Not much of a _wolf_ really...

Although I have thought about doing a SM biker Librarian conversion, riding a lion...


----------



## Warlock in Training (Jun 10, 2008)

I think the DnD Minis would work great as TW mounts. There big enough. Green Stuff the Legs to fit around them and your good to go.


----------



## Truefaith (Oct 11, 2009)

Heroclix has a new model out, the Fenris Wolf. If you look in the modeling/ painting section you can find some of my pics. The wolf is the perfect size, you just have to green stuff a saddle and some armor, and break the marines legs and attach and green stuff them. 

Peace


----------



## The_Lone_Wolf (Jan 8, 2010)

The white wolves in the army picture are different to the chaos warhounds.And 'Winterous' (no offence) I am planning to use the lions for my thunderwolf cavalry, getting isnspiration from a guy who greenstuffed the whole rest of the lion, I was just showing you my way (i.e. the lazy way).


----------



## KhainiteAssassin (Mar 18, 2009)

The_Lone_Wolf said:


> The white wolves in the army picture are different to the chaos warhounds.And 'Winterous' (no offence) I am planning to use the lions for my thunderwolf cavalry, getting isnspiration from a guy who greenstuffed the whole rest of the lion, I was just showing you my way (i.e. the lazy way).

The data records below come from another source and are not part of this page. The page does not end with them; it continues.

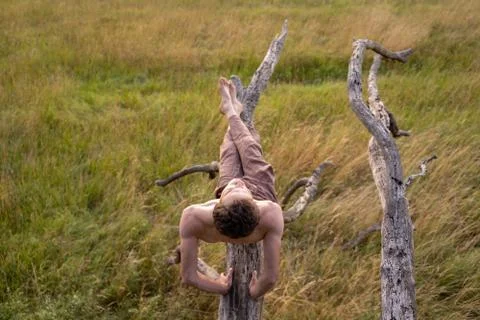 High angle view of shirtless man sitting on log over grassy land in forest Stock Photos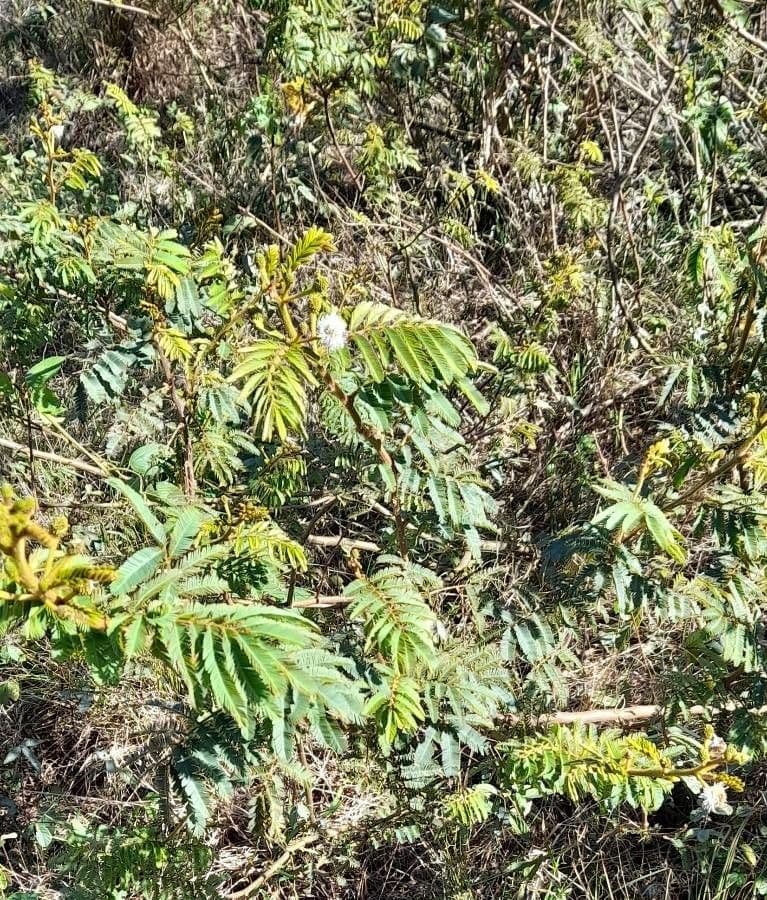 Mimosa bimucronata 4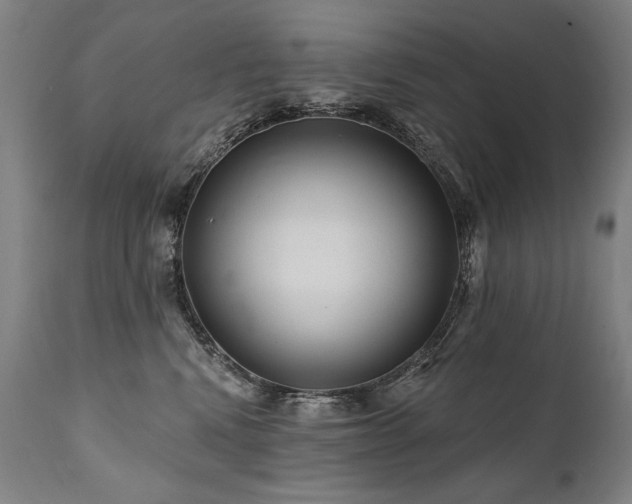 X0000112060472200908041218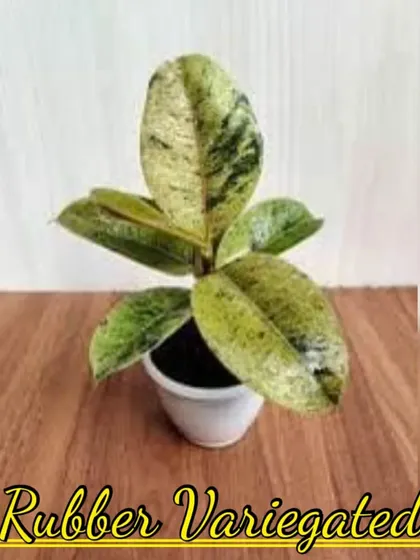 A variegated Rubber Plant (Ficus elastica 'Tineke'). Its beautiful leaves have patches of green, cream, and sometimes pink.
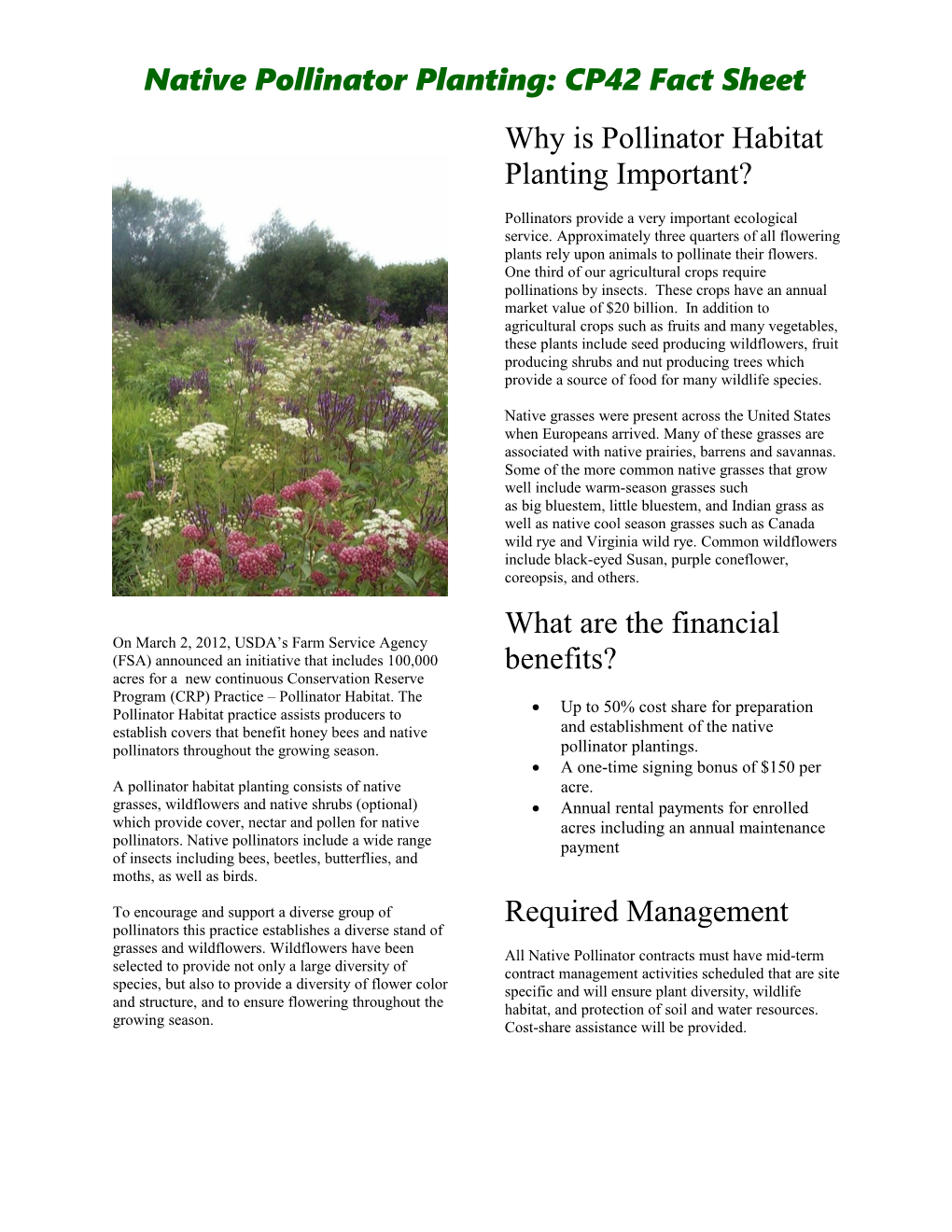 Native Pollinator Planting: CP42 Fact Sheet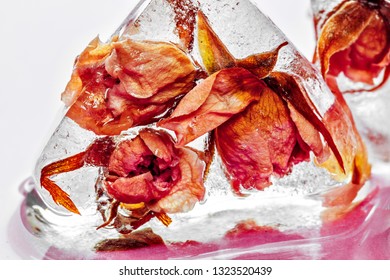 Frozen rose in ice cube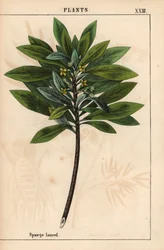 Daphne laureola oder Lorbeer-Seidelbast, aus 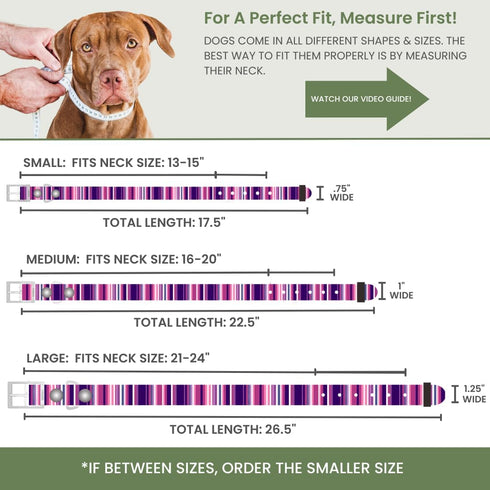 Waterproof Dog Collar, 100% Washable, Odor Proof, Easy to Clean, Quick-Dry, Soft Flexible Durable with Zinc Alloy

the white wolves are old Metal Chaos warhounds who were converted to remove their hair, but they ARE Chaos Warhounds


----------



## Bane_of_Kings (Oct 28, 2009)

thats what i meant.....


----------



## Winterous (Mar 30, 2009)

Bane_of_Kings said:


> thats what i meant.....


Well, since you necro'd.

http://www.games-workshop.com/gws/catalog/productDetail.jsp?catId=cat1620227&prodId=prod1290040

Those make fantastic wolves, considering they are wolves.
We found a few in the cupboard a couple of days ago, they're Vampire Counts Dire Wolves from ages ago.


----------



## The_Lone_Wolf (Jan 8, 2010)

Sorry, ban of kings is my other name...


----------



## The_Lone_Wolf (Jan 8, 2010)

Im using them 4 fenrisian wolves nd the HE chariot lions 4 thunda wolves


----------